Defendant was employed by Jaccard as area credit manager of Jaccard stores in the St. Louis area from July, 1967 to the date of his resignation in mid-October, 1977. At the commencement of his employment he was paid an annual salary of a little over $9,000.00; at the time of his resignation he was receiving an annual salary of somewhat more than $18,000.00. He was a married man and had four minor children.
As regional credit manager defendant had full control of credit transactions, including credit card transactions, taking place at the several stores within his area.

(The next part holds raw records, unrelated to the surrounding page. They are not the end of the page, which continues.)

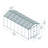 Palram - Canopia Rubicon Polycarbonate Storage Shed-96914477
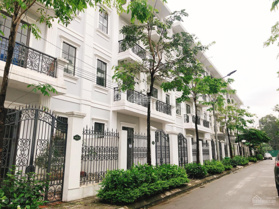 Cho thuê biệt thự Linh Đàm diện tích 260m2, mặt tiền 15m, đã đầy đủ nội thất. Làm văn phòng hoặc ở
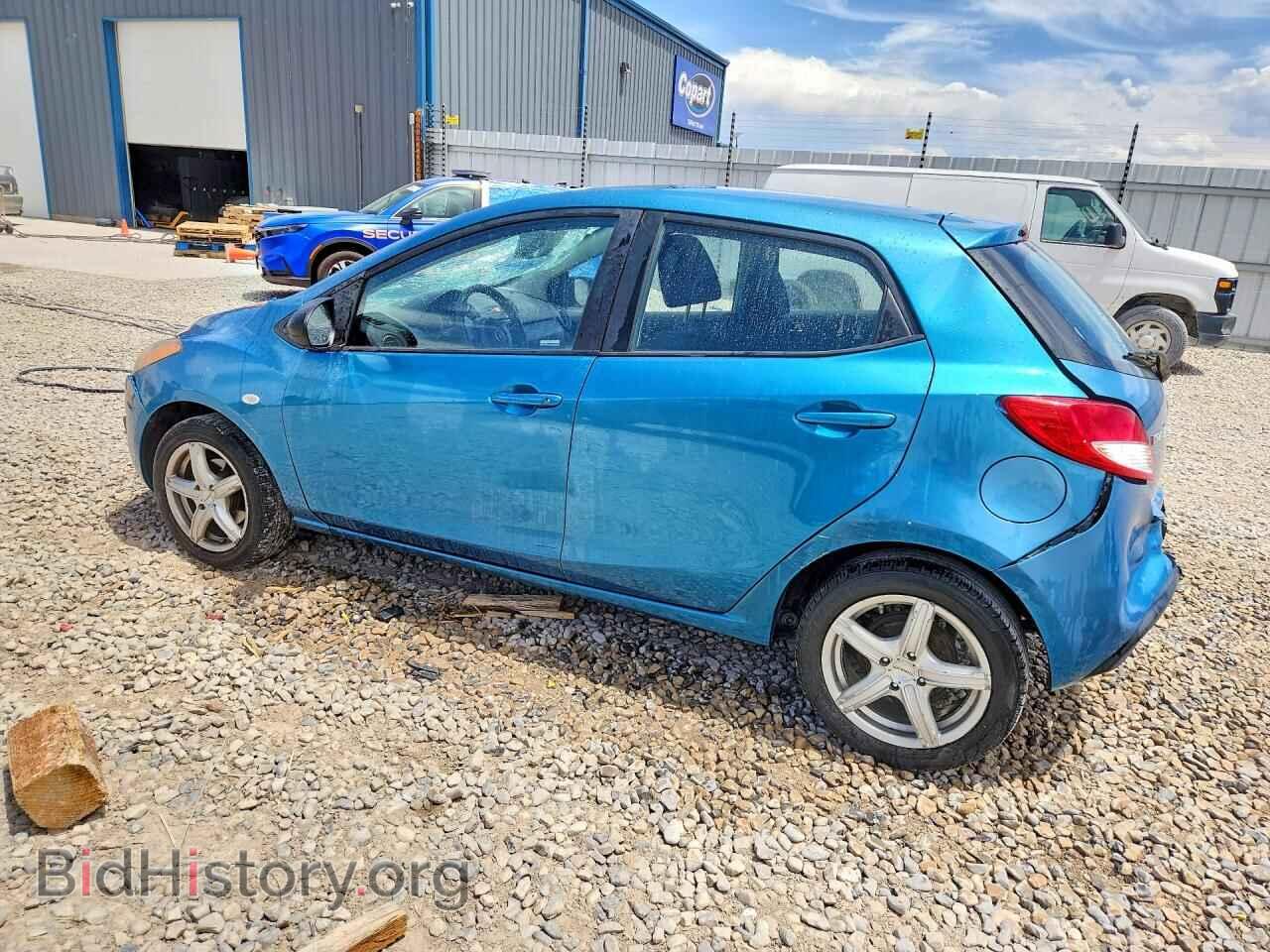 2012 MAZDA 2 - VIN: JM1DE1KZ1C0134279 - Photo 2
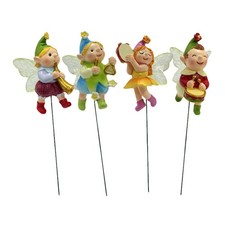  4 Pcs Ornamenti Da Giardino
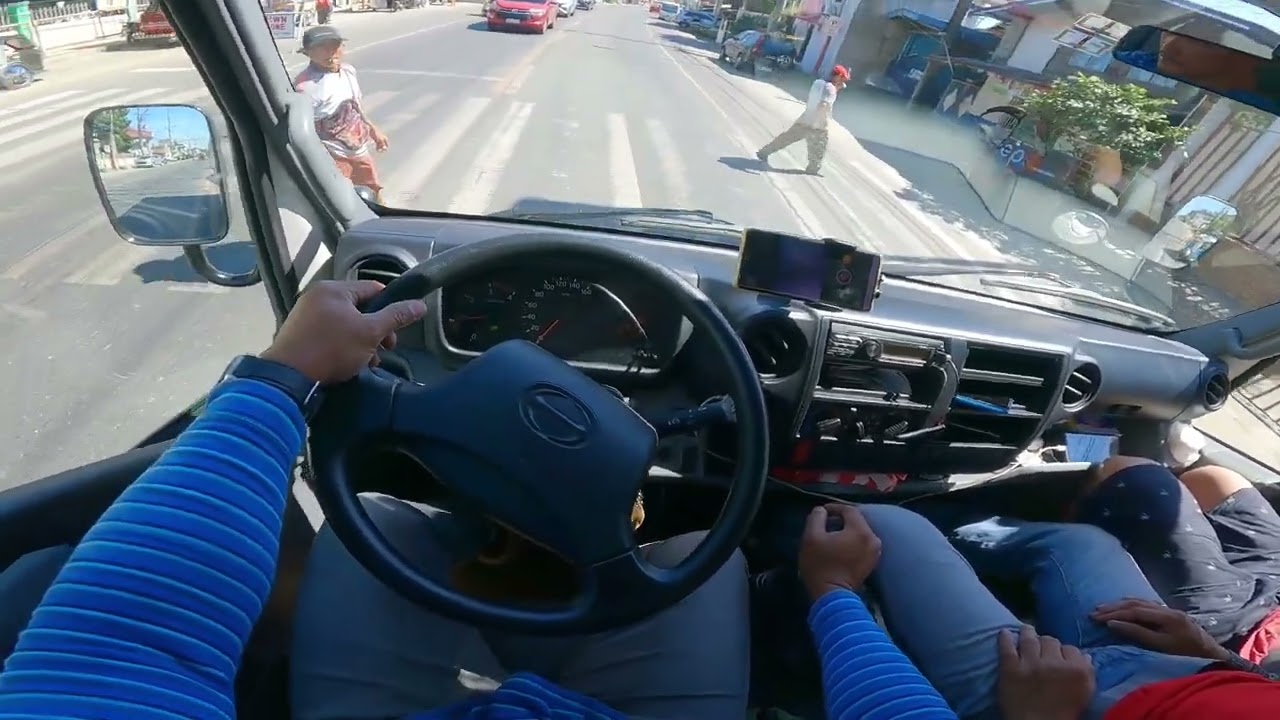 (Part 1)Pov driving Calasiao to Urdaneta,Pangasinan-Hino 300 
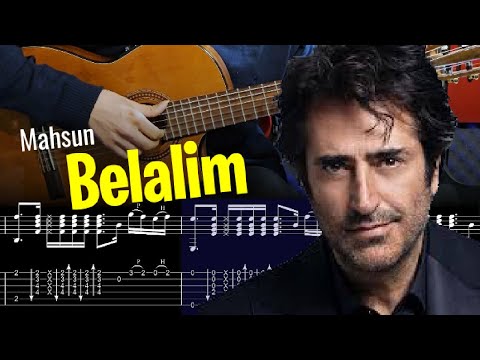 Mahsun Belalim Guitar Tutorial 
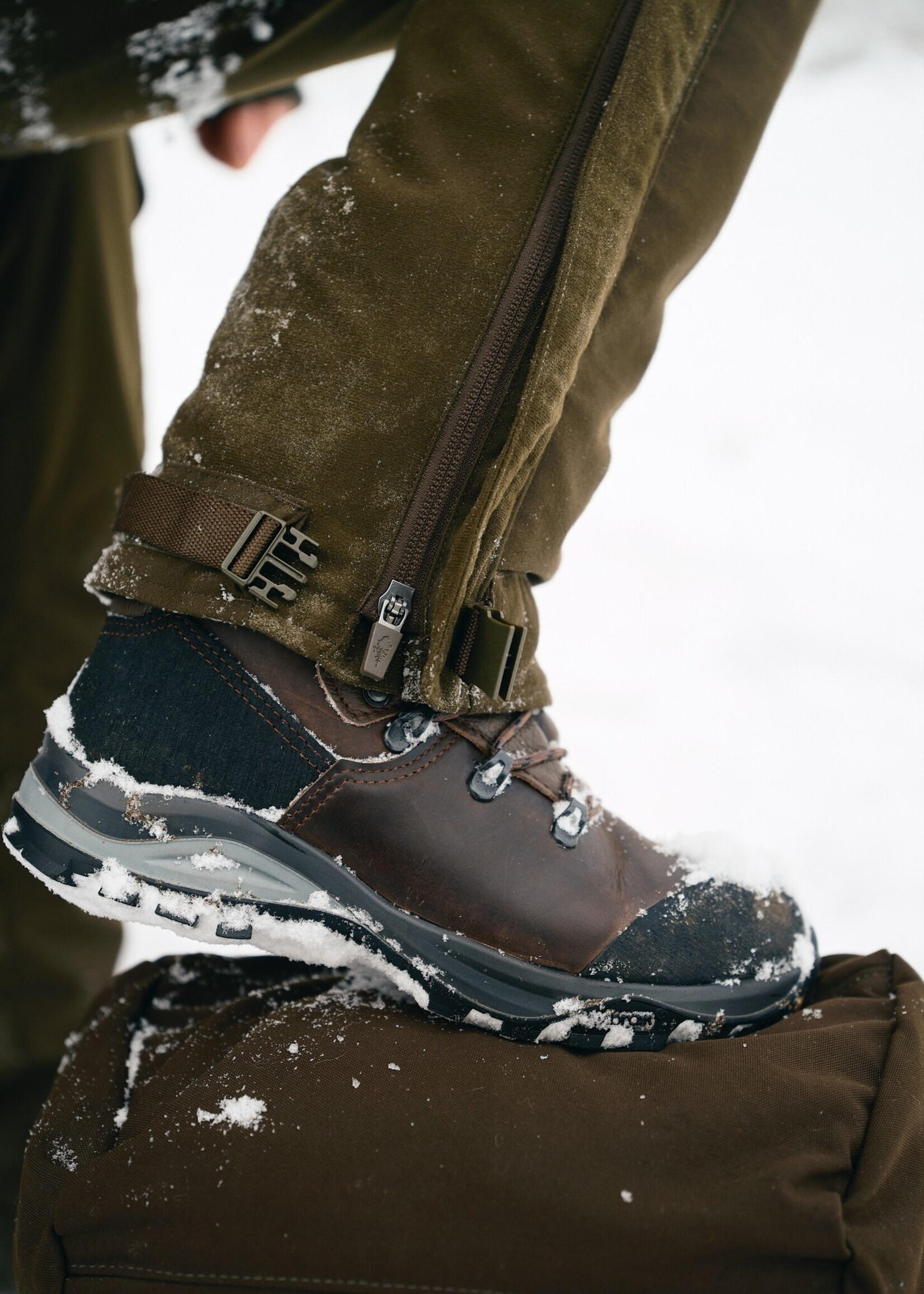 Pinewood Wander-/Jagdstiefel Hoch - Braun (9934)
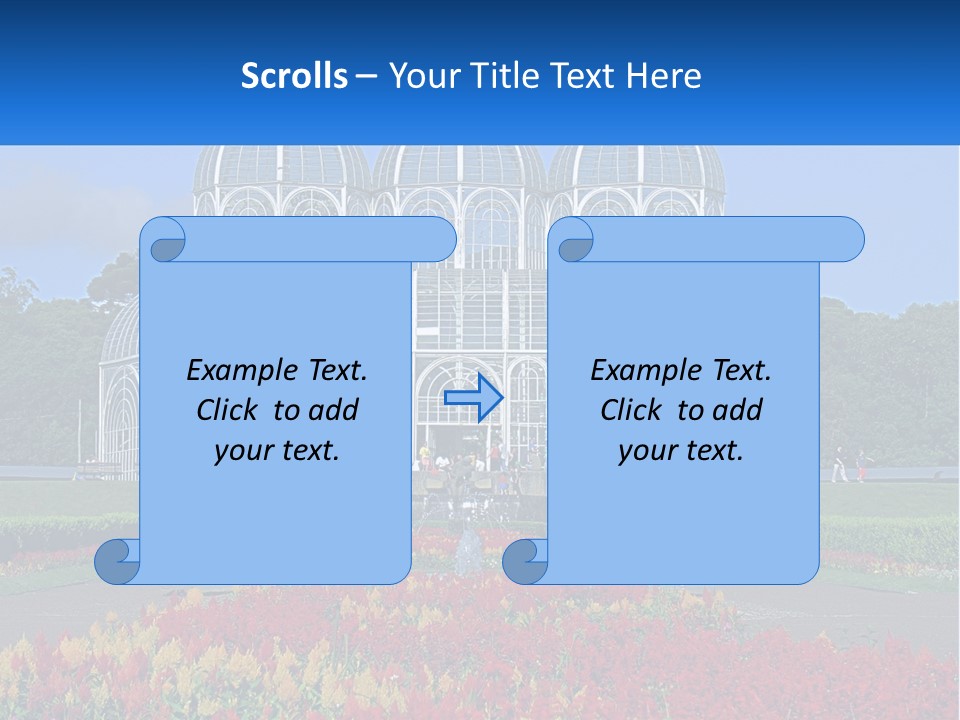 Retirement Caucasian Peaceful PowerPoint Template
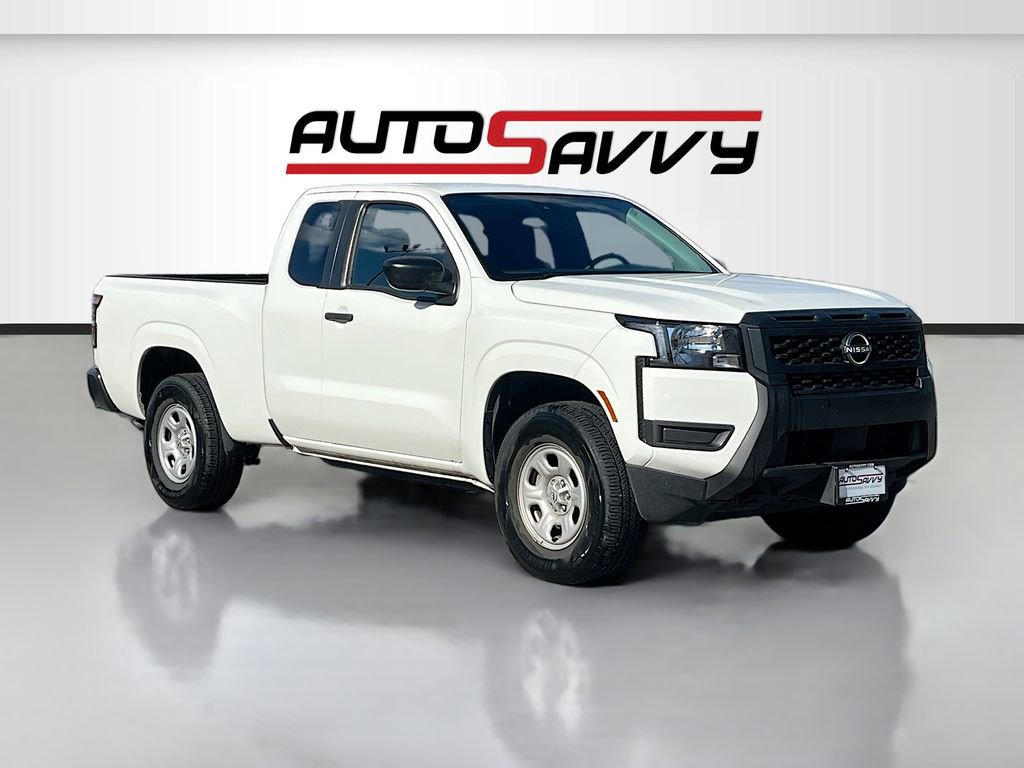 Used 2025 Nissan Frontier S w/ S Utility Package AWD/4WD image 1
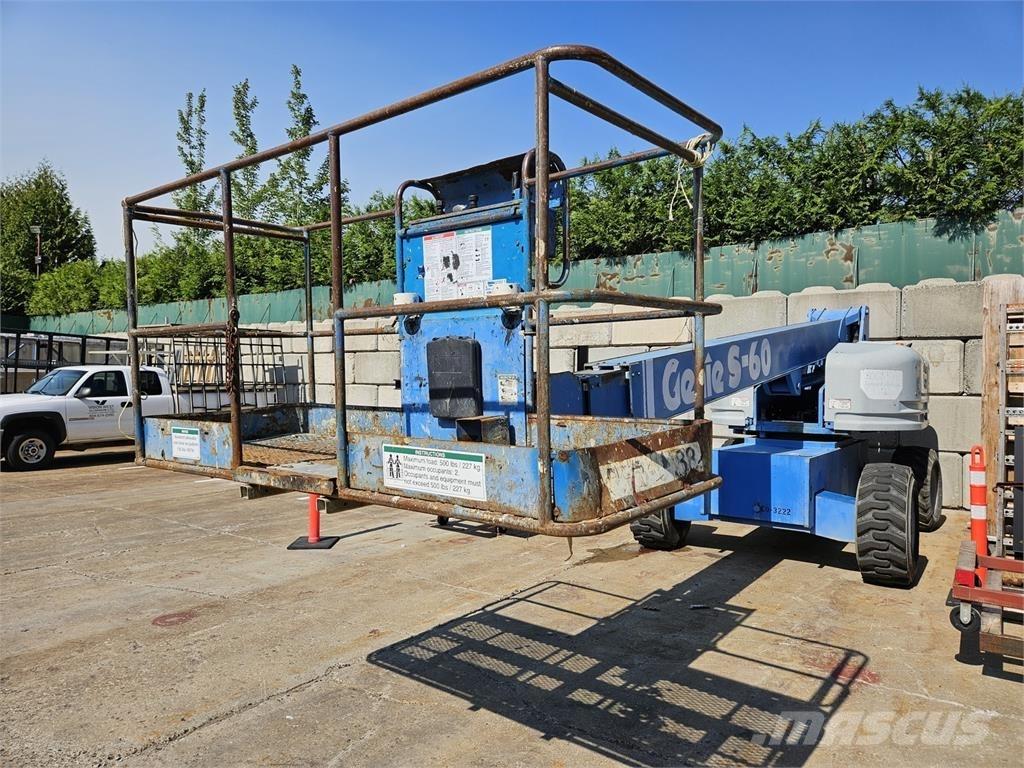 Genie S-60 4wd رافعات سلة مفصلية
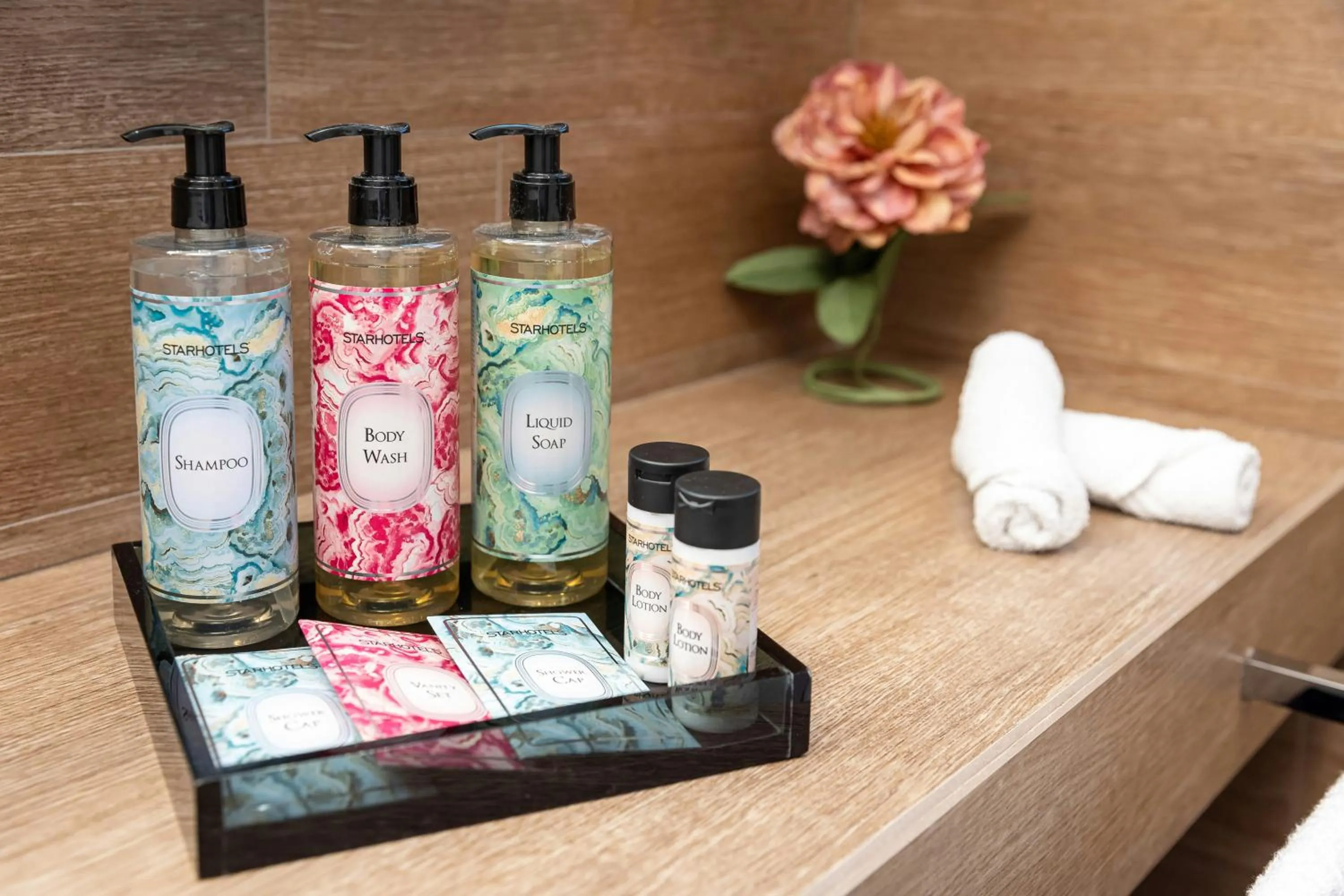 Bathroom in Starhotels Echo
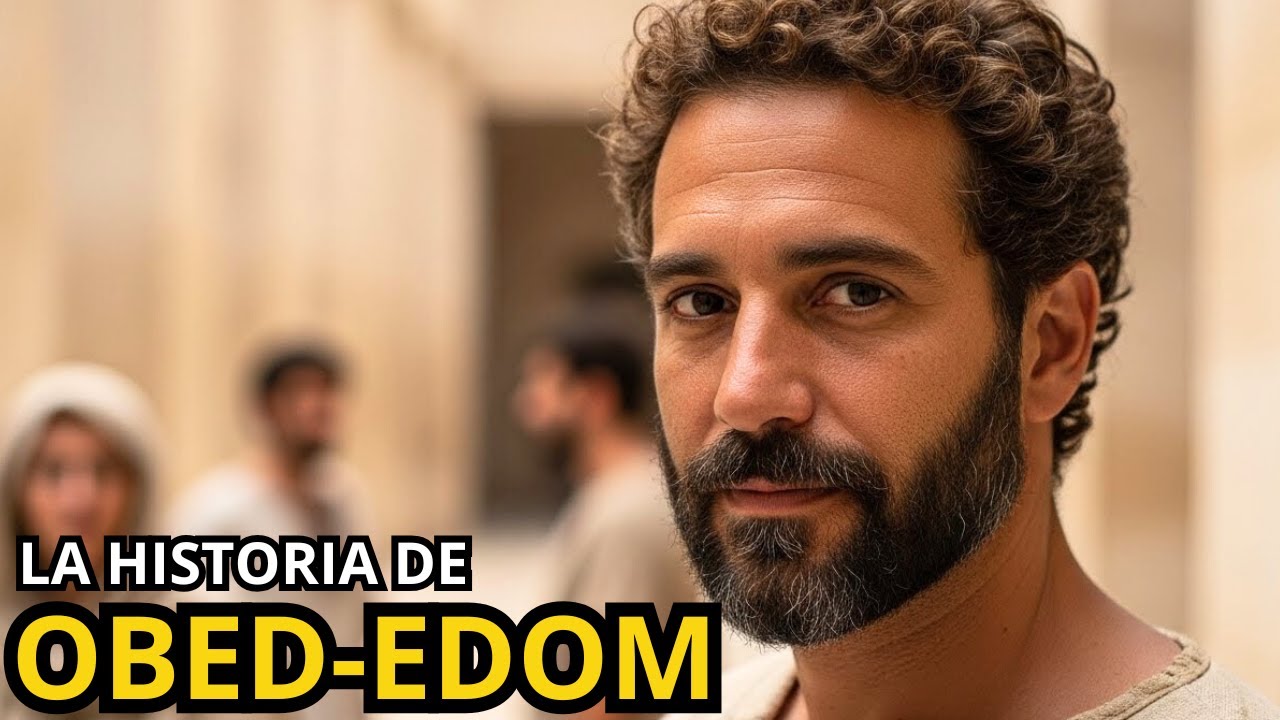 OBED-EDOM: El Hombre Que Abrazó la Presencia de Dios — y Nunca Volvió a Ser el Mismo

In connection with credit card transactions it was the function of the defendant periodically to prepare or cause to be prepared summaries showing debits, representing credit card sales made to customers, and credits, representing credits given to customers for goods that they had purchased by use of their credit cards and had been permitted to return. Those summaries with supporting documents, including credit drafts, were mailed periodically to the credit card companies, and it was on the basis of those transmittals that the companies made settlements with Jaccard. The documents were also used by the companies in making up monthly statements mailed to card holders.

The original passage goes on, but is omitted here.